Complaining about gerrymandered congressional districts, I noted the mainstream media have complained loudly about the Texas redistricting intended to disenfranchise Hispanics but said nothing about the Maryland redistricting intended to disenfranchise conservatives. Hunter Thomson of New York counters, "Partisan gerrymandering represents everything we detest in politics. Nevertheless, the Supreme Court hasn't yet found a case where it sees anything other than a non-justiciable political issue. Check Vieth v. Jubelirer, 541 U.S. 267 (2004) and League of United Latin Am. Citizens v. Perry, 548 U.S. 399 (2006). The new Maryland 6th district you don't like is somewhat contiguous, not as bad as these. Check the really offensive 4th district in Illinois.

"The gerrymandering in Texas is of a very different sort from what you complain of in Maryland. Racial gerrymandering raises equal protection concerns. More specifically, Texas is a covered jurisdiction under Section 5 of the Voting Rights Act, meaning its history of racial discrimination in voting procedures subjects the Lone Star State to greater oversight by the federal government."

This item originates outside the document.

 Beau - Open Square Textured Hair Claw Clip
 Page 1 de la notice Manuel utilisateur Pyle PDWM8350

I live in Maryland. Maryland has racial gerrymandering, just in the opposite direction.

Regarding the ground causing a fumble/incomplete pass discussion, you hit the nail on the head. In one case possession has been established, while in the other it is yet to be established. I don't think there is much of an issue here. I view it in the same light as people who ask about why is a running back able to fumble once he's broken the plane, but receivers muct complete the action of the catch in the endzone despite the ball being "over the goal line." I dont think it is hard to understand the difference, and those that don't are purposely not getting it in my opinion.

Bengoodfella said...

Anon, I don't see how he defends it in those quotes either. I didn't look that up and it appears Gregg was hoping no one else would look it up also. I wonder if it bothers ESPN that Gregg writes things in TMQ every week.

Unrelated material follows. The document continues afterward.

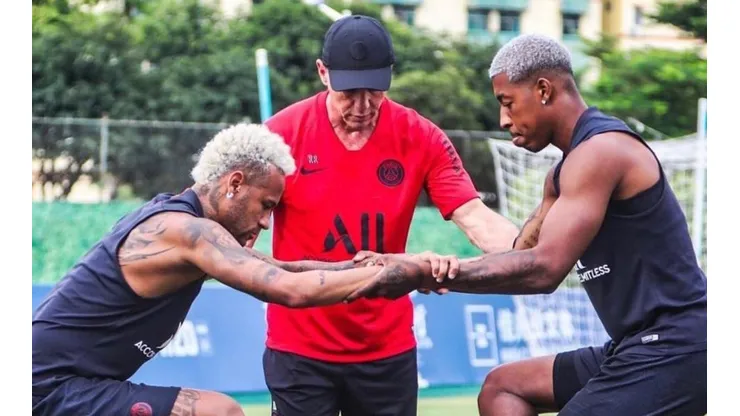 Foto de Neymar entrenando con el PSG.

You are probably right about those who don't get the difference aren't trying to. It seems like a pretty simple answer to the question and five minutes to do an internet search could bring the answer up.

Anonymous said...

meant to add:

Located in Kutztown, Pa., Kutztown University offers parking close to class.

Am I missing what's interesting or funny about this?

Bengoodfella said...

Anon, nope. Perhaps Gregg finds parking close to class interesting? That's all I can think of.